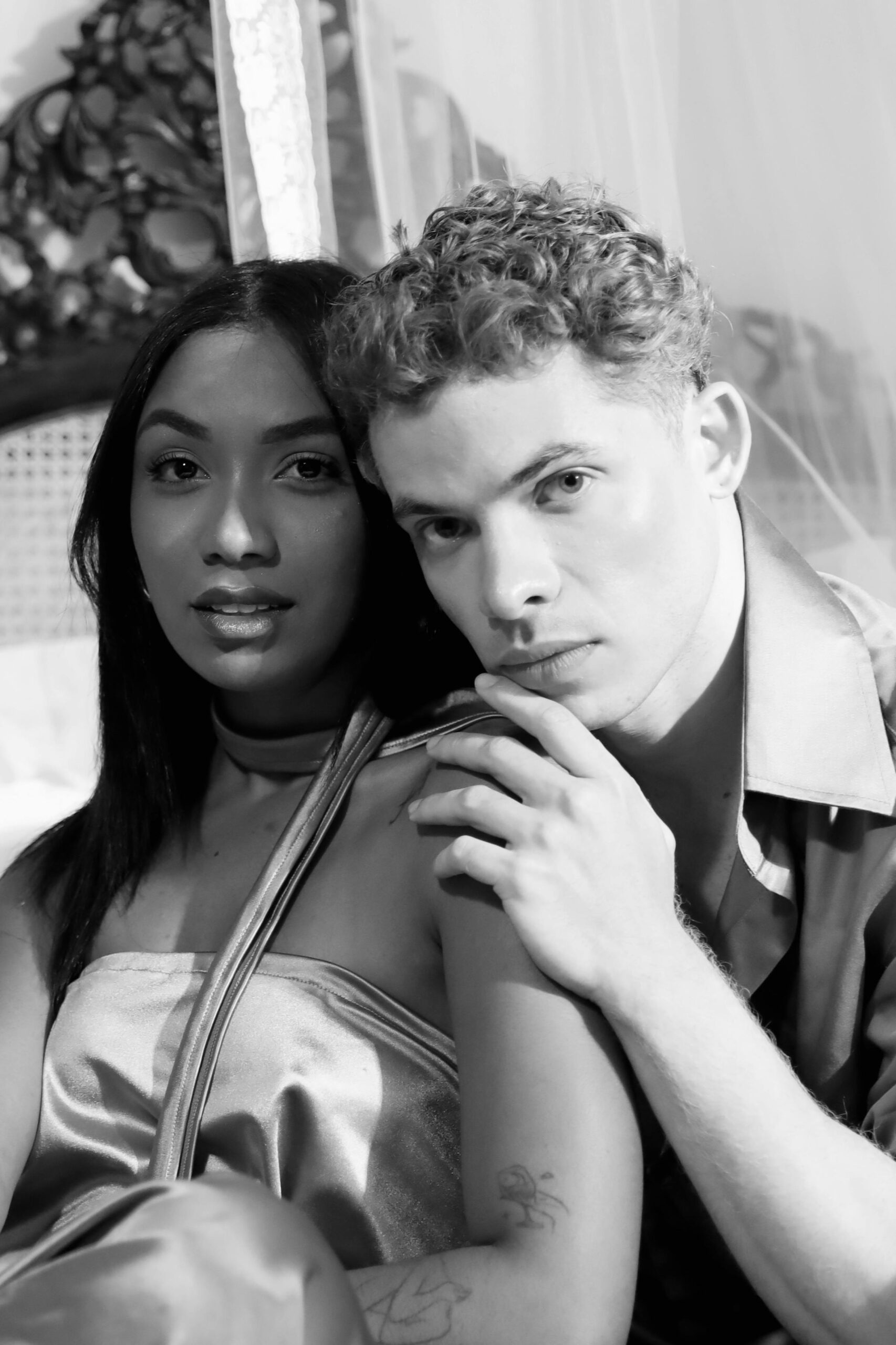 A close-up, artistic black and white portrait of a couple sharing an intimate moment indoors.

---

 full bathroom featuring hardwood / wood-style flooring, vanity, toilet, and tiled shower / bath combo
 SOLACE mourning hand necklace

==

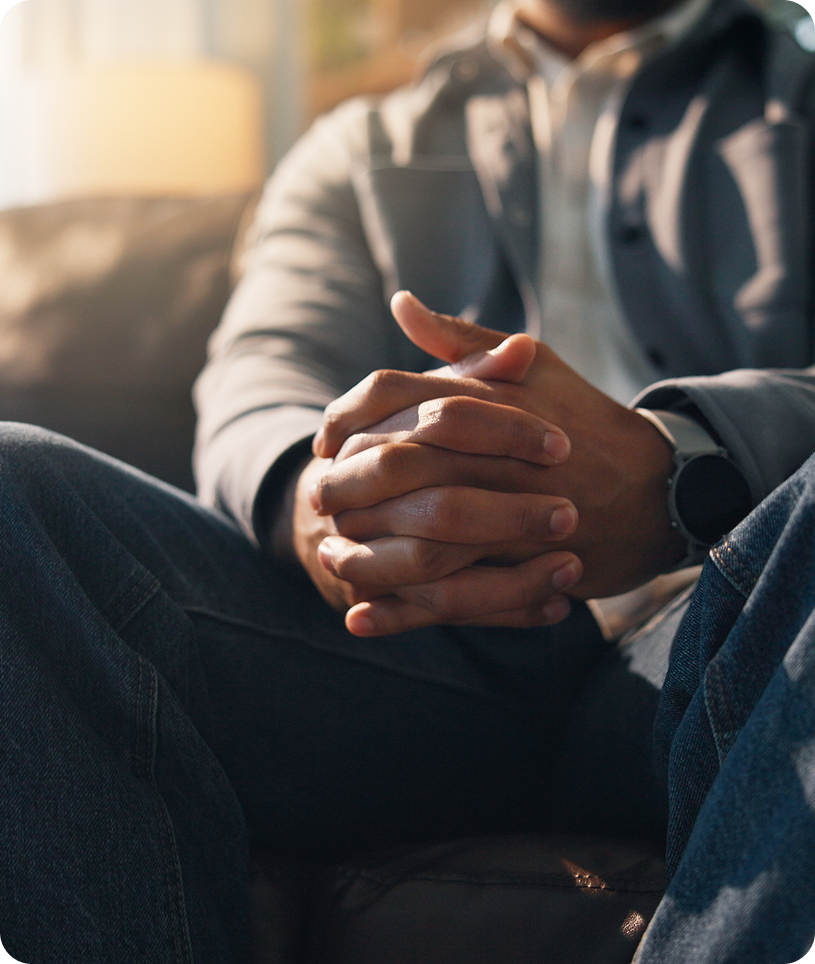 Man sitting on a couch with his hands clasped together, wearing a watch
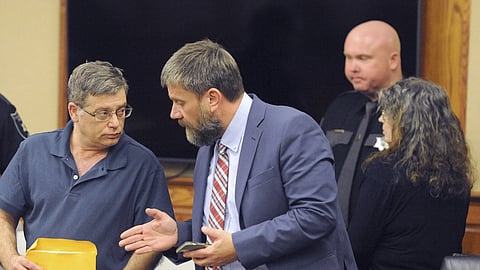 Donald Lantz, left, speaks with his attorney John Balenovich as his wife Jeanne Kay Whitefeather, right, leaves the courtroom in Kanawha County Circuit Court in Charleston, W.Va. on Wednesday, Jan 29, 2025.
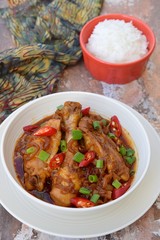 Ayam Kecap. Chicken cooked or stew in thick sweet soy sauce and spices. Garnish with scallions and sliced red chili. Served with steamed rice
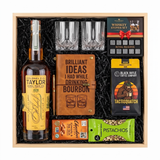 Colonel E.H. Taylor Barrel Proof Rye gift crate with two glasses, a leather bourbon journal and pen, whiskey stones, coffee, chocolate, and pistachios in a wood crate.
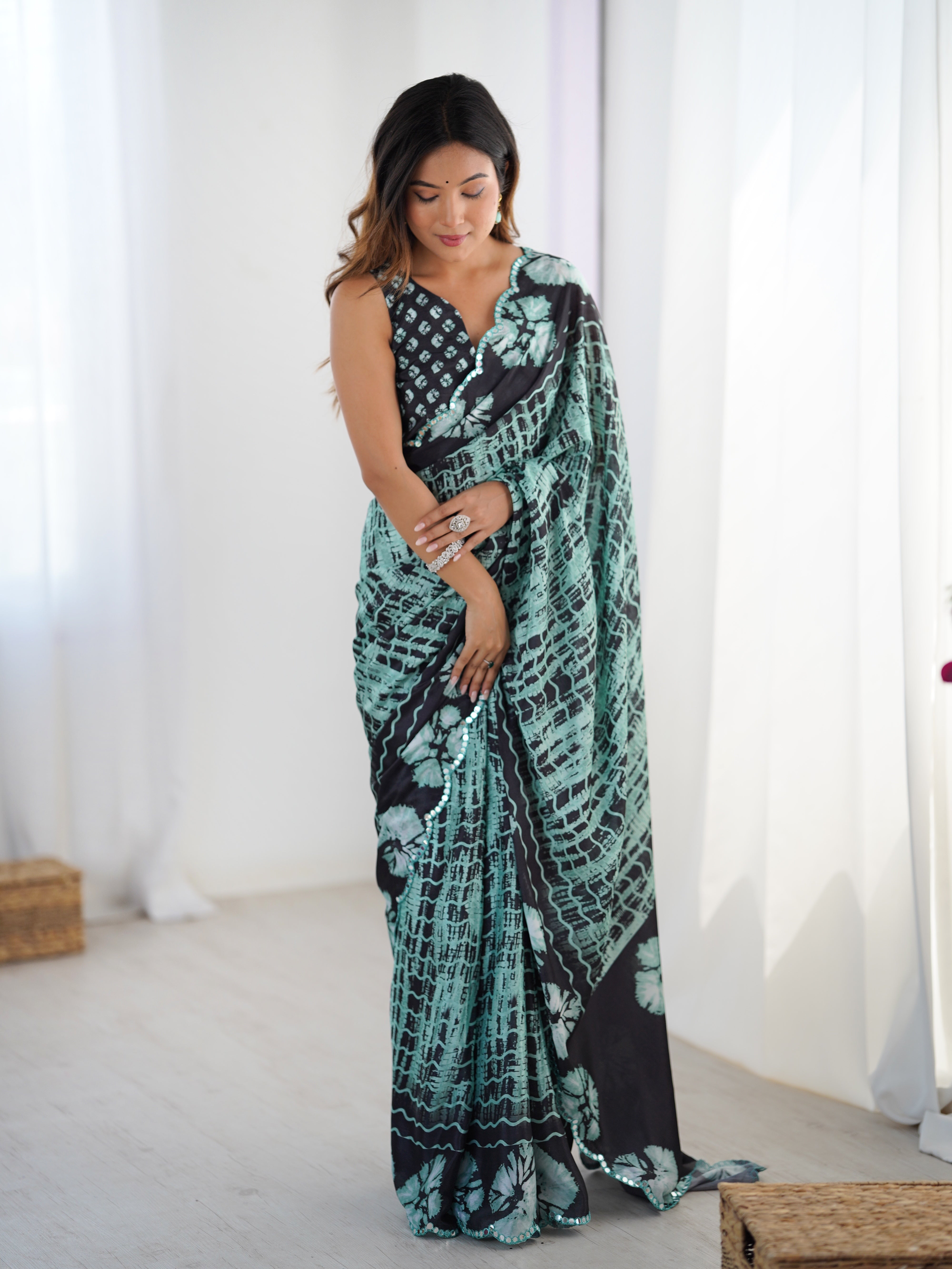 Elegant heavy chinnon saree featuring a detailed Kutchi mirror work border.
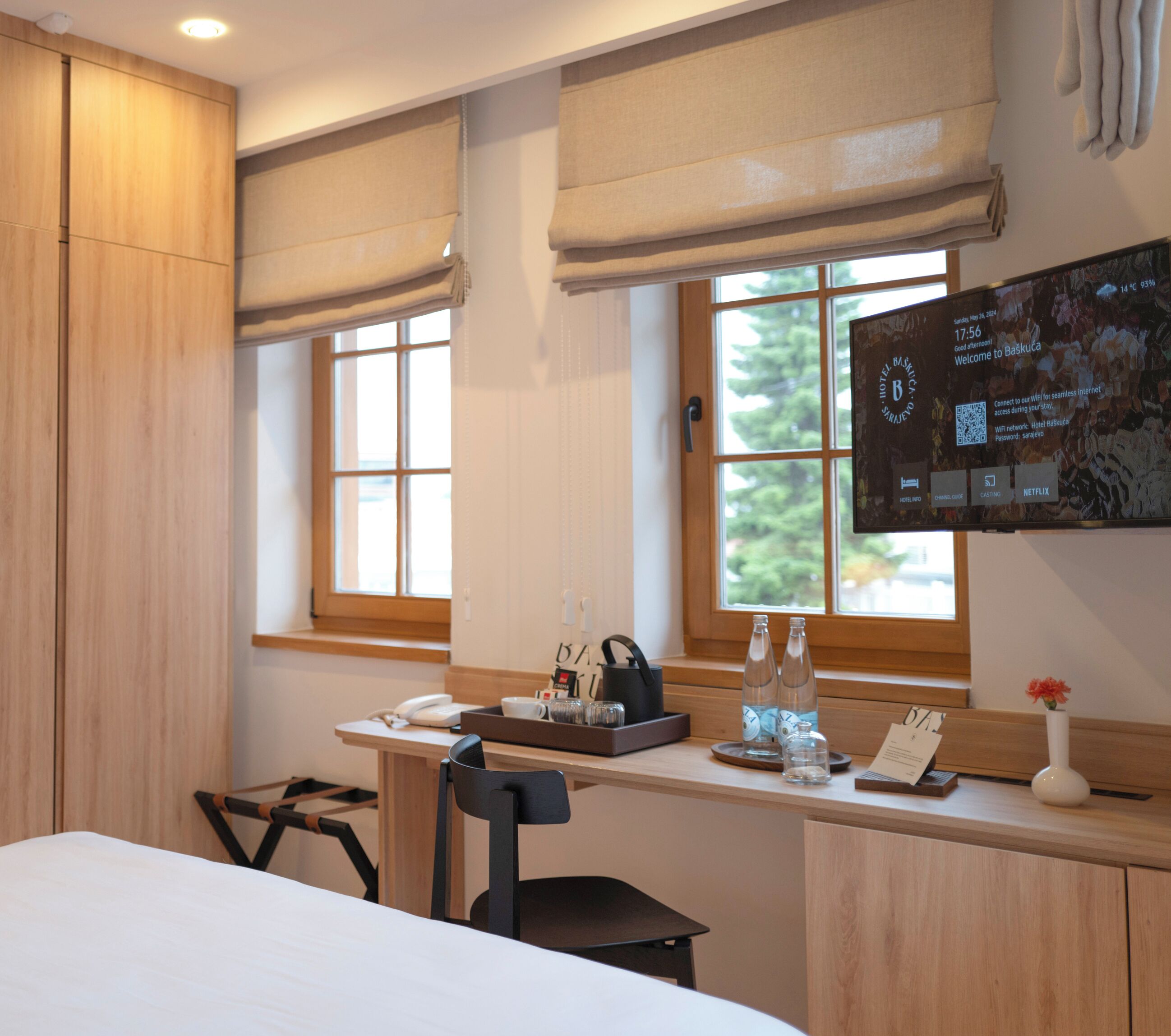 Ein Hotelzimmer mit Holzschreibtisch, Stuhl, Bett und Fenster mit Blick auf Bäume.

### [About this task]
Look above for the line with "Man sitting on" and the line with "Ein Hotelzimmer mit", then copy them and all lines in between exactly as written, and only those, without any pictures.

### [Response to this exercise]
 Man sitting on a couch with his hands clasped together, wearing a watch
 Donald Lantz, left, speaks with his attorney John Balenovich as his wife Jeanne Kay Whitefeather, right, leaves the courtroom in Kanawha County Circuit Court in Charleston, W.Va. on Wednesday, Jan 29, 2025.
 Ayam Kecap. Chicken cooked or stew in thick sweet soy sauce and spices. Garnish with scallions and sliced red chili. Served with steamed rice
 Colonel E.H. Taylor Barrel Proof Rye gift crate with two glasses, a leather bourbon journal and pen, whiskey stones, coffee, chocolate, and pistachios in a wood crate.
 Elegant heavy chinnon saree featuring a detailed Kutchi mirror work border.
 Ein Hotelzimmer mit Holzschreibtisch, Stuhl, Bett und Fenster mit Blick auf Bäume.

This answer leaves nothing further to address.